───── Raw data

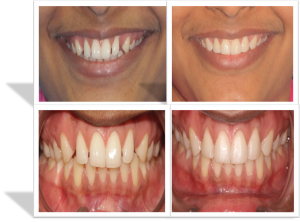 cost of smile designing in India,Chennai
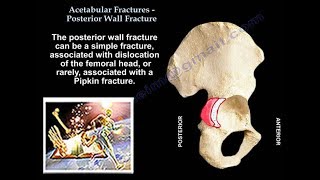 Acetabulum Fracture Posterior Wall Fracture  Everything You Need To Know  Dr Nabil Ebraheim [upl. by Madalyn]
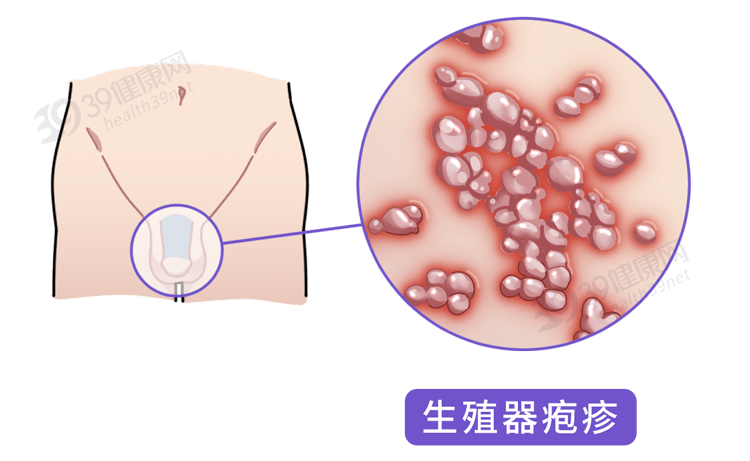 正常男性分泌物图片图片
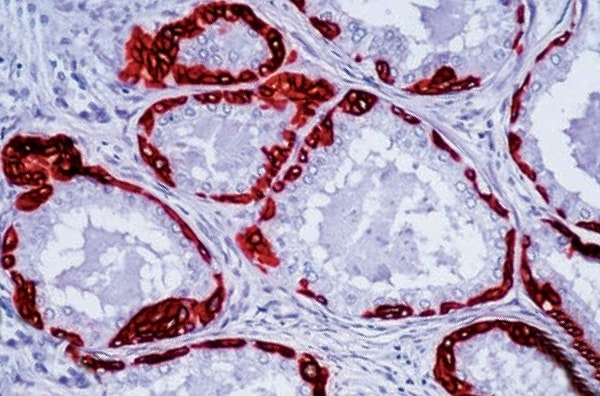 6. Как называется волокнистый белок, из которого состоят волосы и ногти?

──────────
───── Raw data

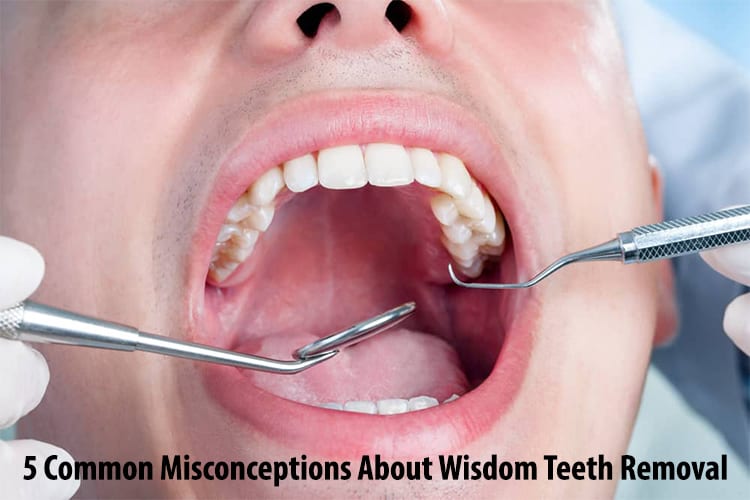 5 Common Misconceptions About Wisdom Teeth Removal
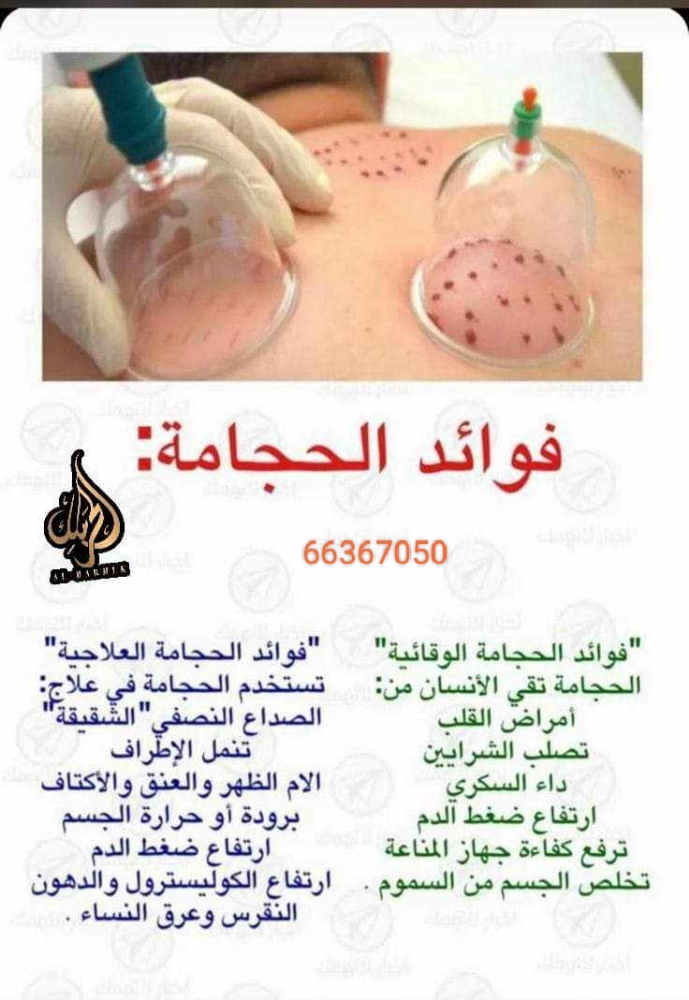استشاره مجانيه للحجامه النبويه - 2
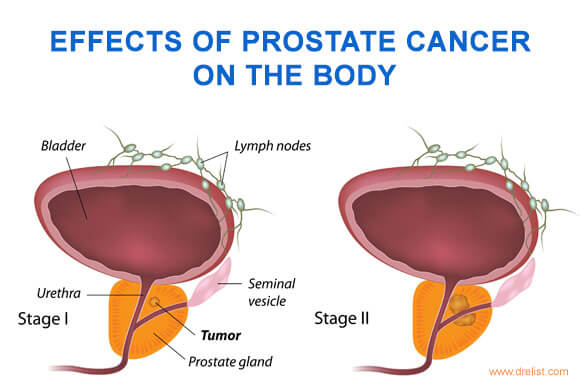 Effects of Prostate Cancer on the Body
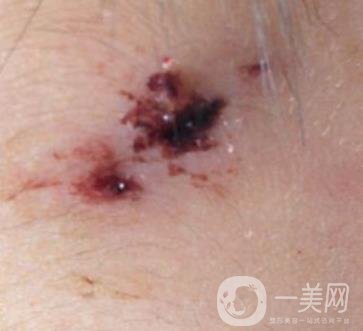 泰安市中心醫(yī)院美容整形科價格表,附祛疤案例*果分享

──────────

What is expected: Since the pictures are not part of the copy, please transcribe only the lines above from the one with "正常男性分泌物图片图片" through the one with "6. Как называется", exactly and with both ends.

Answer space:
 正常男性分泌物图片图片
 6. Как называется волокнистый белок, из которого состоят волосы и ногти?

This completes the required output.